CRMツールがもたらすビジネスへの客観的な視点:CRMの新潮流(2/2 ページ)
CRMツールによって、マネジャーは自社のビジネスを客観的にとらえることができる。マネジメントは冷徹なものでなくてはならないが、クールな視点が個々のスタッフの疲弊を和らげる効果も生み出す。
無駄なミーティングもなくなる
顧客との関係をマネジメントすることは、無駄な動きや余計なコストの発生を防ぐ効果がある。また、営業担当者が時には苦し紛れに報告する受注の確度に振り回されることもない。顧客への訪問履歴や訪問時で得た情報を一覧することができれば、どこにどれだけ人を配置すればいいのかも把握できるし、そして何より、受注やコストに関する予測精度が増し、金融機関などからの信頼も厚くなる。
SalesforceをはじめとするCRM製品を上手に活用している企業に共通しているのは、長時間の営業会議がなくなった、あるいは非常に短くなったという声が聞かれることだ。情報を常に共有しているので、会議で1つひとつの案件について確認する時間が短くなるのである。あとは各担当者がどれだけ正確に入力するか、だけの問題になってくる。
Salesforceを活用して成果を上げているある企業のマネジャーはこんなことを言っていた。

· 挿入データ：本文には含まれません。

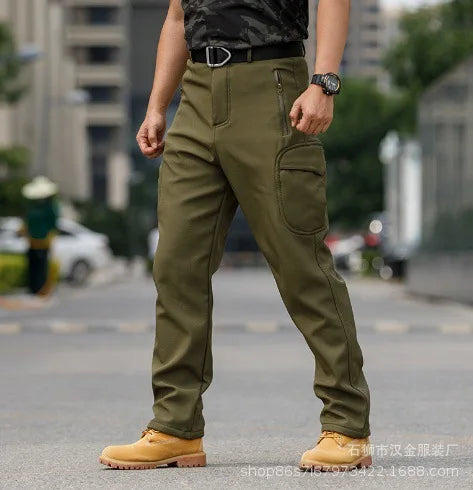 Men's Tactical Training Jacket Outdoor Camouflage Fleece Lined Soft Shell Windproof Waterproof Breathable Hiking Climbing Cam...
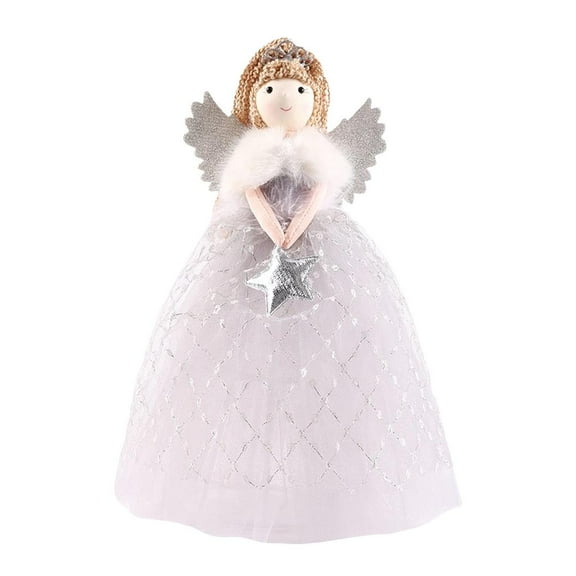 Christmas Angel Tree Topper,Cute Fairy Doll Pendant Xmas Hanging Decorations,Rustic Angels Figurine Decor,Farmhouse Xmas Trees Topper for Indoor Office Decoration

「ITツールで営業の管理をすることで良かったことは、ビジネスを客観的にとらえることができるという点だ。マネジャーだけでなく、個々の担当者が自分の行動も客観的に見ることができるので、ミーティングと称して愚痴の出し合いをすることもなくなる。どこに力を集中すればよいのか、それが分かるだけでもチームのパフォーマンスは格段に上がるものです」
どんぶり勘定は、知らないうちにしてしまうものだ。誰も望んでする人はいない。社員の動き方、顧客との関係の持ち方、各種部材の注文の仕方、すべての無駄を白日のもとにさらすCRMツールはある意味で「恐ろしい道具」かもしれないが、ビジネスを客観的にとらえる視点を手に入れることを考えれば、一時の恐怖感は十分に耐えられるものだ。ちなみに流体計画の事例は、セールスフォース・ドットコムの社長で、米国セールスフォース・ドットコムの上席副社長も兼任する、宇陀栄次氏のお気に入りの導入事例の1つだという。まさしくツールが最大限にマネジメントに貢献したというのがその理由ではないだろうか。